# Smoothing a door frame after removing door stop.



## MsMike (Dec 8, 2020)

I removed the door and door stop from a door frame and plugged the hinge holes with dutchmans. The regurlar door will be replaced with a barn door. 

I sanded off the old paint, used wood filler on nail holes and around the dutchmans, primed and painted. The finish still looks rough. You can still see where the stop was even though the sanded finish was smooth. The paint shows all flaws. 

I would like a really smoother finish before repainting. Options I was thinking of...

1) use several coats of Aqua Coat Grain filler. I'm looking for some sort of skim coat. I think drywall mud might potentially crack as the door frame wood expanded or contracted. I tried watering down plastic wood filler and using a trowel but it is too grainy and didn't go on smooth.
2) use veneer wood sheets. Paste on, then prime and paint again
3) use some heavy duty wallpaper wall liner, prime and paint again.

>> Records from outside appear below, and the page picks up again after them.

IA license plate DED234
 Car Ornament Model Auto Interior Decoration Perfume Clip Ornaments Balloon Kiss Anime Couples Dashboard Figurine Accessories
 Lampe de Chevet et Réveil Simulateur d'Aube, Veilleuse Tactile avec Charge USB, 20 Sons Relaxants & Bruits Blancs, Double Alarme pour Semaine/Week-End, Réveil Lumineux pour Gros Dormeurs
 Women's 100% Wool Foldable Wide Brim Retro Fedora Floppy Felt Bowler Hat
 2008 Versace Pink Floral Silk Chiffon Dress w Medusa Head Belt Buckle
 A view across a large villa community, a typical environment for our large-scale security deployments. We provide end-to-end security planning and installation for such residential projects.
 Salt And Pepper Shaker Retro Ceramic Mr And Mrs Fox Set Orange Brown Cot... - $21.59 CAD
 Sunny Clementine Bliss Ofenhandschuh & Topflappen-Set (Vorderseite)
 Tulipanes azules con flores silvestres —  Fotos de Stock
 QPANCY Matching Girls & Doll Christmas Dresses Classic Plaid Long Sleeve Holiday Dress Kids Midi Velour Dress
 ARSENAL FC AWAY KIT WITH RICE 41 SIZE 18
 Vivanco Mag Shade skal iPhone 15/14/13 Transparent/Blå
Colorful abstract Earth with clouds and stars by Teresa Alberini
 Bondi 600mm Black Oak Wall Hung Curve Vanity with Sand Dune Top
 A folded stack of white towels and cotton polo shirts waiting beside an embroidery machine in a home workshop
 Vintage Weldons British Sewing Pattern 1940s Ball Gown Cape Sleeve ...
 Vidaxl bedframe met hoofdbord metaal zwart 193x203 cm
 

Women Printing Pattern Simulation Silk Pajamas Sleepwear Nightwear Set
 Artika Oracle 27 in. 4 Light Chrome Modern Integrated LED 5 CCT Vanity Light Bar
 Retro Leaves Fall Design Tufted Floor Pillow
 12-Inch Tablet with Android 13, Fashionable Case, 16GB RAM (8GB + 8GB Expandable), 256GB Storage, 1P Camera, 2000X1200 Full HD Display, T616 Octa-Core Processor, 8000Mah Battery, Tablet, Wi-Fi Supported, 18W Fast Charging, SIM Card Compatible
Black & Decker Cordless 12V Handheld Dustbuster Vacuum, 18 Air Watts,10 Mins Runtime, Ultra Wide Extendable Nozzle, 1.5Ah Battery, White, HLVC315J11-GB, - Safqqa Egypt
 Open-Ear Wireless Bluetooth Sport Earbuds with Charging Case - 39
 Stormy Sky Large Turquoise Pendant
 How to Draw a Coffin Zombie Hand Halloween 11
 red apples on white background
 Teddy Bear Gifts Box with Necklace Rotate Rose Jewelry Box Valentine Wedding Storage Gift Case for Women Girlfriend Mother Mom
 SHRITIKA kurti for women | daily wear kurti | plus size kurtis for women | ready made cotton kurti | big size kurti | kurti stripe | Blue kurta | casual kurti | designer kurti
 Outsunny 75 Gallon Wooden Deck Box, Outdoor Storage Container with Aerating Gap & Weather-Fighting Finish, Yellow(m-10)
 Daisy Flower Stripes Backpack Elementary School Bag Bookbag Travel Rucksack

Any ideas or alternatives?
Thanks


----------



## John Smith_inFL (Jun 15, 2018)

photos of your concerns would be most enlightening.
it is hard to give factual advice without seeing what you are trying to fix.

.


----------



## MsMike (Dec 8, 2020)

John Smith_inFL said:


> photos of your concerns would be most enlightening.
> it is hard to give factual advice without seeing what you are trying to fix.
> 
> .


Hi John. Thank you for your response. I'm attaching two pictures. Hopefully you can see the imperfections even though I did sand down to raw wood!


----------



## lenaitch (Feb 10, 2014)

What I'm seeing is the grain of the wood. With many wood species, particularly softwood which I am assuming the door frame is made from, the density - hardness - of the wood varies with the grain, and it looks like that has been aggravated by sanding; the sandpaper has removed more of the softer bits. You can either live with it, use a ton of filler of some sort, or replace it with an evenly dense wood, like maple, or PVC.


----------



## Half-fast eddie (Sep 19, 2020)

Use a random orbit sander, smooth the wood again. Use a filler like Durham Rock hard or Bondo, sand with the RO sander. Looks like you used a belt sander with too-coarse grit.


----------



## shelzmike (Feb 9, 2012)

Here's a different option if it really bugs you. Looks like it doesn't have a door any longer? Another thing you could do is prime over the paint again with something like a Shellac primer for good adhesion, then skimming it with a setting type drywall compound. Sand smooth, prime and paint. You'd of course lose all grain, but if smooth is what you are looking for, that's what I'd probably do..again, so long as there is no longer a door there.


----------



## carpdad (Oct 11, 2010)

I agree with replacing the jambs though that also means replacing the trims and possibly having to do some compound wall repairs. New joint compound texture may be too smooth compared to old. If seeking perfection, it never ends. One thing you haven't tried with the old jamb is using a sharp scraper and aggressive paint stripper. You must remove all of the paint before using wood filler to smooth down the old wood. Careful not to round or splinter the jamb edges. You could sand the existing paint (just the surface with rough paper, #40 -60) and apply bondo but adhesion over time is not a guarantee.


----------



## MsMike (Dec 8, 2020)

lenaitch said:


> What I'm seeing is the grain of the wood. With many wood species, particularly softwood which I am assuming the door frame is made from, the density - hardness - of the wood varies with the grain, and it looks like that has been aggravated by sanding; the sandpaper has removed more of the softer bits. You can either live with it, use a ton of filler of some sort, or replace it with an evenly dense wood, like maple, or PVC.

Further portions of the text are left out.